What is Paul Gosar? A guy whose own brothers and sisters find him to be an affront and an embarrassment.
We need to spend a moment reflecting on what it takes for this nothing-person, this dentist who beat a Democratic incumbent in the Tea Party wave year of 2010 with the backing of Sarah Palin and Joe Arpaio, this drooling simian who agreed to one debate but withdrew because he already had a knack for saying weird stuff and figured 90 minutes on a stage against a literate opponent might be death, to decide to compare himself to Alexander Hamilton. The answer—or, to be more precise, answers—are these: One, he’ll say anything, and he and whatever staff aide discovered this Hamilton factoid thought it made him sound good; two, he and his staff perhaps also knew it would make him sound martyr-like, since Hamilton was killed in his famous duel (if indeed they even knew that). But most important of all, you know that faculty that people with consciences have, the mental guardrail that makes them say, “Now, wait: Is this accurate, and fair?” This is a faculty that Gosar doesn’t possess.
He’s not the only one. Some of those floor speeches from his colleagues were doozies! The always reliable Jim Jordan tried to turn the censure resolution into some kind of complaint about muzzling free speech. Jordan’s a lawyer (believe it or not). He knows very well there are limits on free speech, as there are on every right.
But Kevin McCarthy’s speech took the gold. “Rules for thee, not for me,” he said over and over, as he cited various remarks by various House Democrats in recent years that he said crossed a line. And, yeah: Maxine Waters has said some things she should not have said, as have a couple others. Nancy Pelosi probably should not have defended these instances. But news flash: Neither Waters nor any of these other people “joked” about killing a Republican House member! (You can just imagine the hue and cry if they had.)
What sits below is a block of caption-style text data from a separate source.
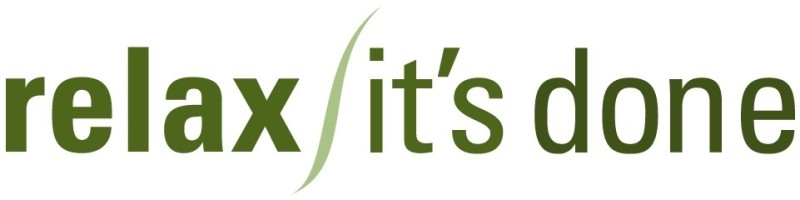 Logo Title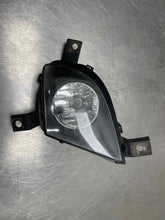 Load image into Gallery viewer, Fog Light BMW 328i 335i 323i 2009 09 2010 10 2011 11 2012 12 Left - NW481819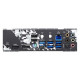 Материнська плата ASRock B550M Steel Legend Socket AM4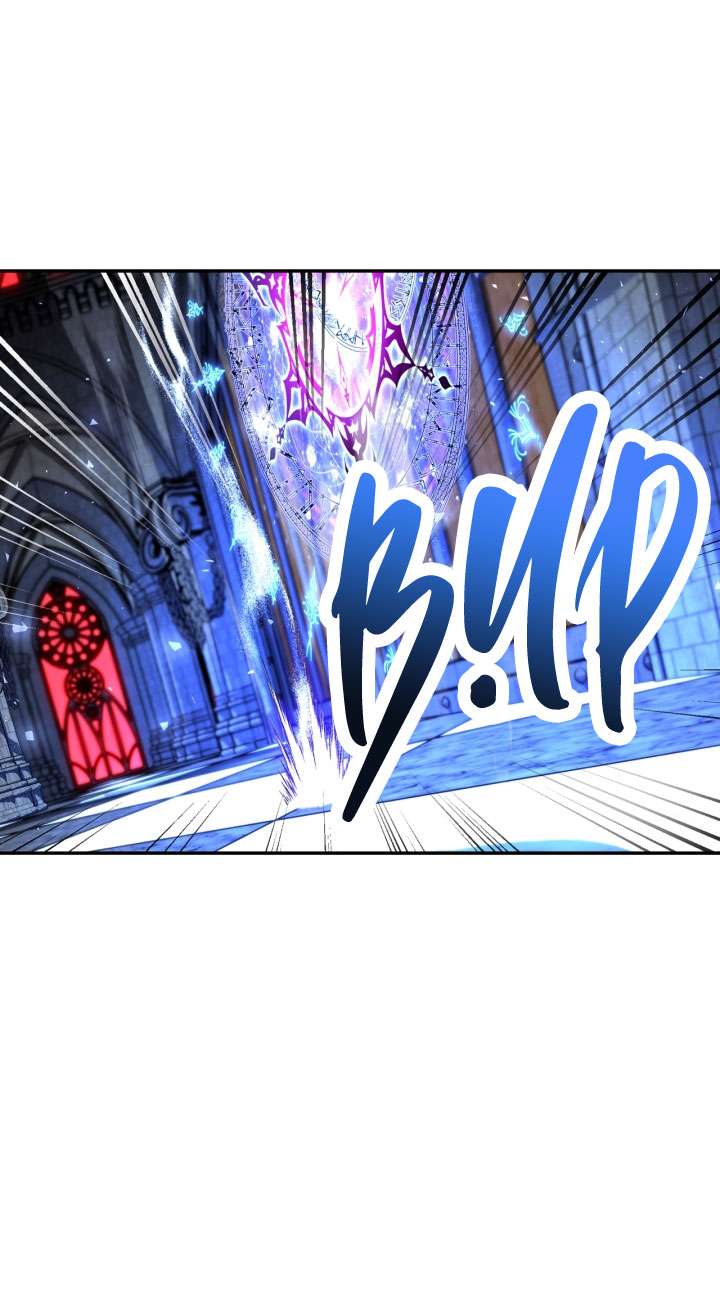 Cha À, Con Không Muốn Kết Hôn Đâu Chap 75 - Trang 2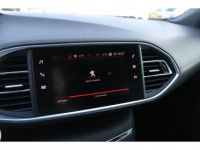 Peugeot 308 SW 1.5 BlueHDi S&S - 130  II 2014 BREAK GT Line PHASE 2 - <small></small> 15.890 € <small>TTC</small> - #39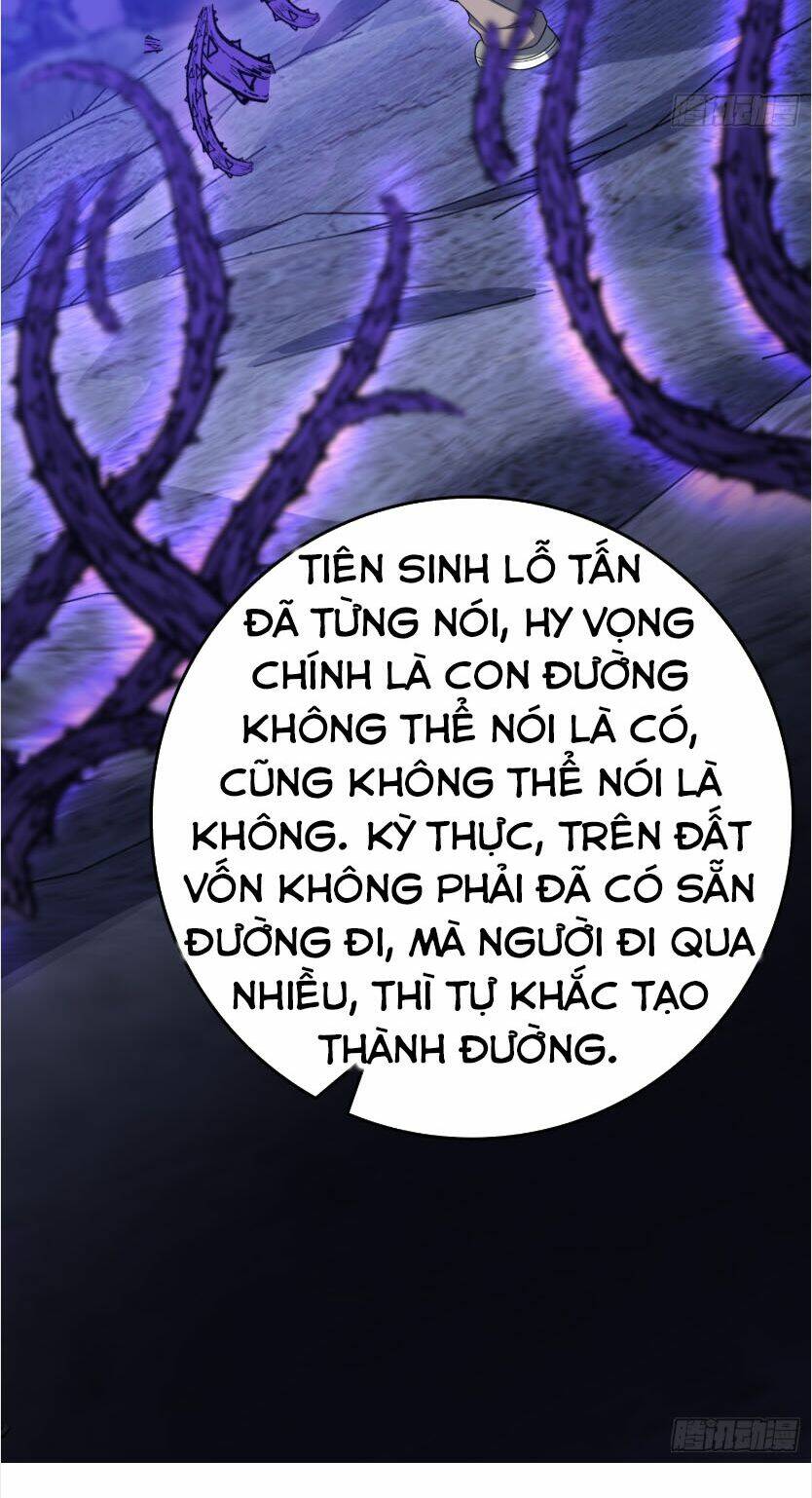 Chương 100 - Trang 39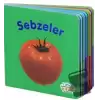 Sebzeler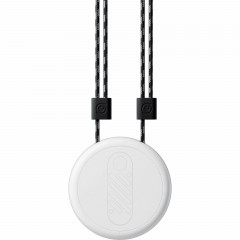Magnetic Pendant Insta 360 GO 3 Magnet Pendant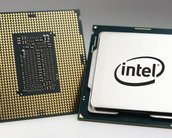 Por que o Intel Core i7 é o queridinho dos gamers?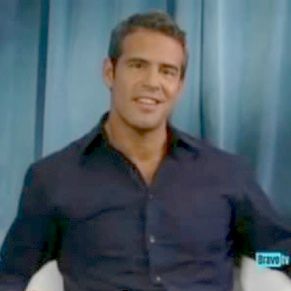 Andy Cohen photo Andy_Cohen_zpsdfde9d73.jpg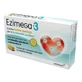 Ezimega3 20 tablets
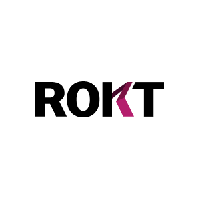 ROKT Stock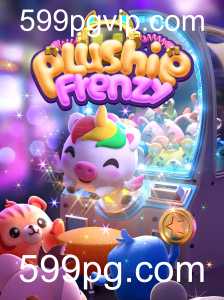 Descubra o Mundo Encantador de PlushieFrenzy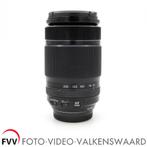 Fujifilm XF 55-200mm f/3.5-4.8 R LM OIS, Gebruikt, Zoom, Xxx, Fujifilm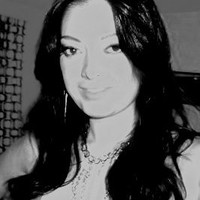 JANETH FLORES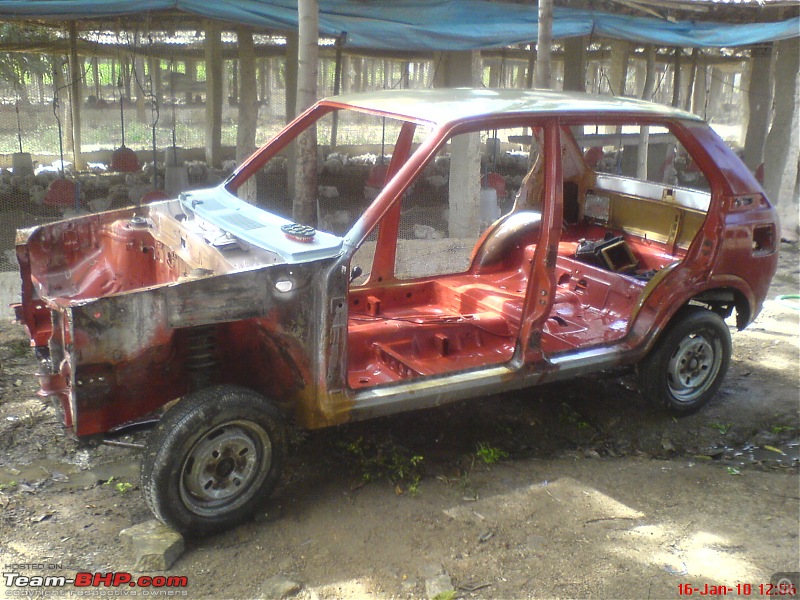 Maruti Suzuki SS80 DX-dsc06822.jpg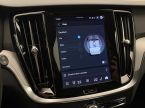 Volvo V60 - fotka číslo 51
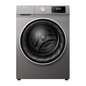 HISENSE  9KG FRONT LOAD WASHING MACHINE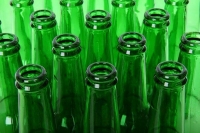 Сенаторы попросили губернаторов разработать программы по выявлению пьющих подростков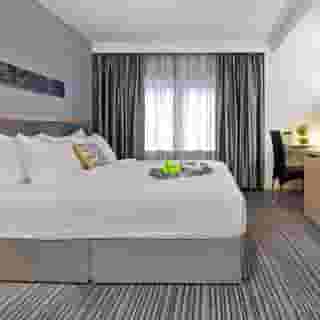 Kew Green Hotel Wanchai Hong Kong, 1 of 5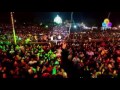 Minungum Minnaminunge Oppam Sreya Jayadeep
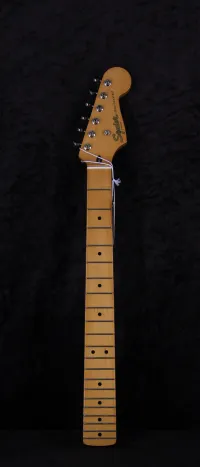 Squier CV 50s Stratocaster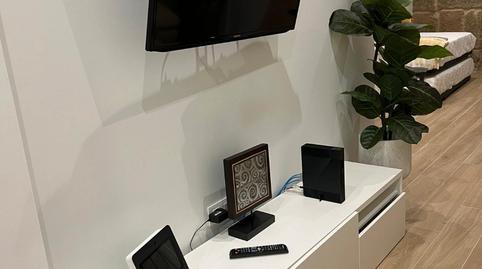 Photo 4 of Apartments for rent in Cangas pueblo, Cangas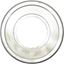 Picture of Labrynth Seal RD250DX OD 62mm x ID 30mm x W 17mm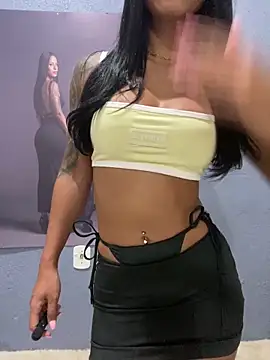 Snapshot of Elamesmamorena chatting on March 9, 2026, 10:57 pm Elamesmamorena online show from March 9, 2026, 10:57 pm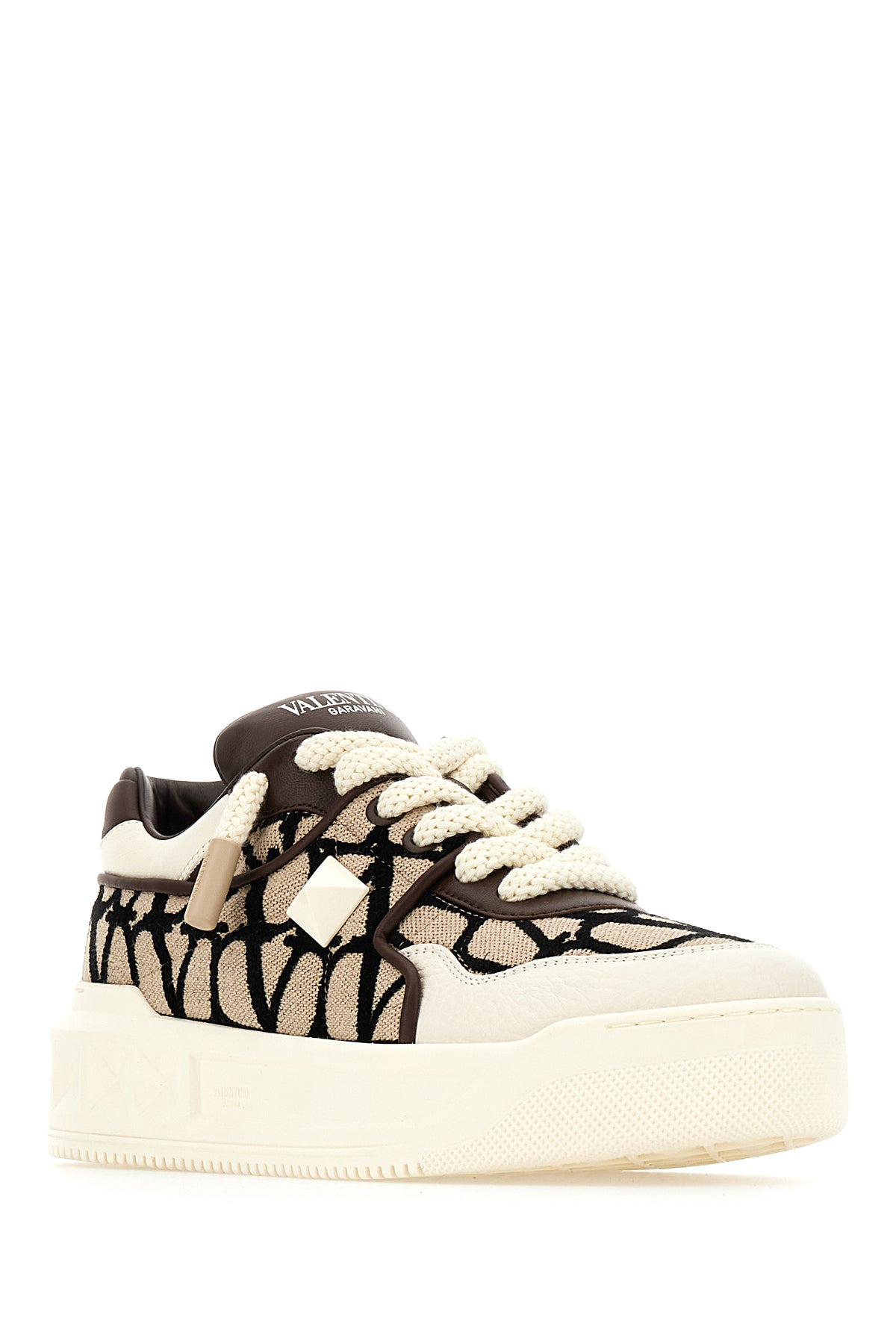 SNEAKERS_3Y2S0G37IFF_KFN_Image_2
McCarthy wrapped his speech by stating with gravity that Gosar, “when requested,” took the video down and said “he does not believe in violence to anyone.”
Ah, so it was a misunderstanding. Except that literally within the hour, Gosar retweeted the offending video. Specifically, he retweeted someone tweeting it, but it amounts to the same thing.
If McCarthy has had anything to say about that, I haven’t heard of it. The only clip I saw of him at his Thursday press conference was him being asked to compare the Gosar affair to what happened in his conference to Liz Cheney when she was replaced by Elise Stefanik, and he cut the questioner off, saying, Hey, that wasn’t me, that was a vote by our conference members.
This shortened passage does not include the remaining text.